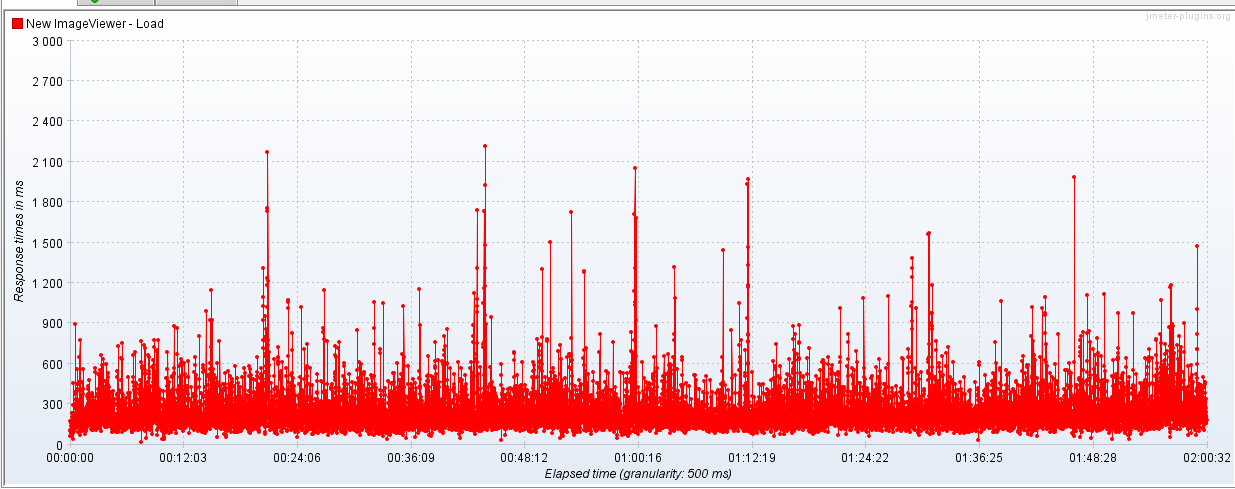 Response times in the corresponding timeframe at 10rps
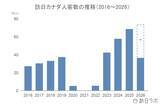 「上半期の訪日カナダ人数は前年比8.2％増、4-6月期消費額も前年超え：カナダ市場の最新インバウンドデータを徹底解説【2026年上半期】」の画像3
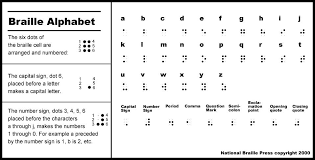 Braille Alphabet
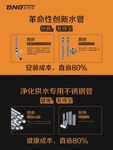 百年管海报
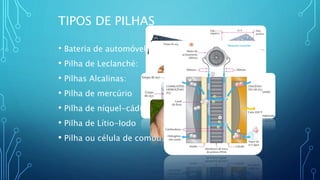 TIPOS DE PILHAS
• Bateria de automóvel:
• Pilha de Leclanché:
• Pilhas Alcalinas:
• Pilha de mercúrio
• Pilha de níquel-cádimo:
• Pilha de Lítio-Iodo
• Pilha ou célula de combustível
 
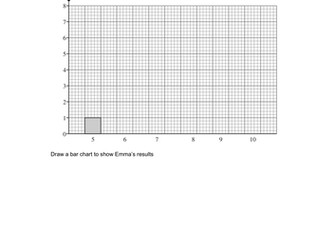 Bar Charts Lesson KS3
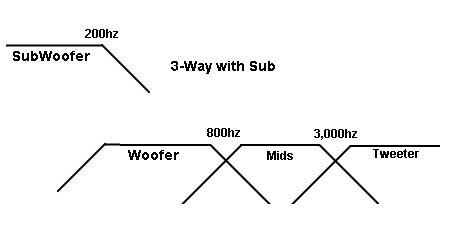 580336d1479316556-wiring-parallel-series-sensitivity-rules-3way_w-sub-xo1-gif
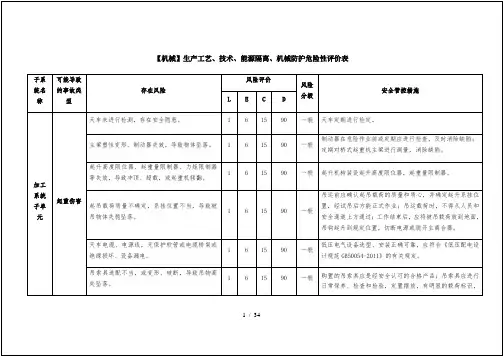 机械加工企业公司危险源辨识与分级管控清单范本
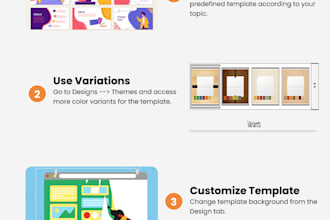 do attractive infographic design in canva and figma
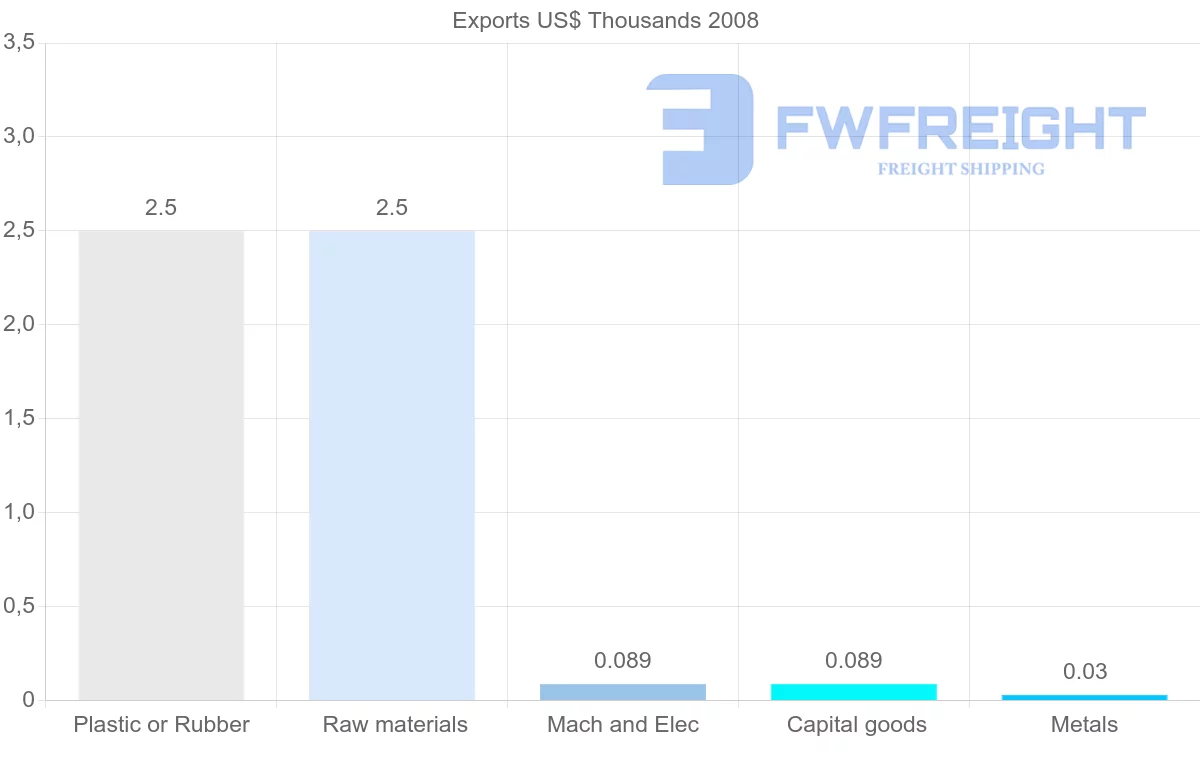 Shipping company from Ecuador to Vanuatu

**WORK TO COMPLETE:** Lines from the one that contains "Pilha de Lítio-Iodo" through the last line of the data above are to be extracted exactly, with no pictures and no other lines.

**ANSWER BOX:**
• Pilha de Lítio-Iodo
• Pilha ou célula de combustível
 
 Bar Charts Lesson KS3
 580336d1479316556-wiring-parallel-series-sensitivity-rules-3way_w-sub-xo1-gif
 机械加工企业公司危险源辨识与分级管控清单范本
 do attractive infographic design in canva and figma
 Shipping company from Ecuador to Vanuatu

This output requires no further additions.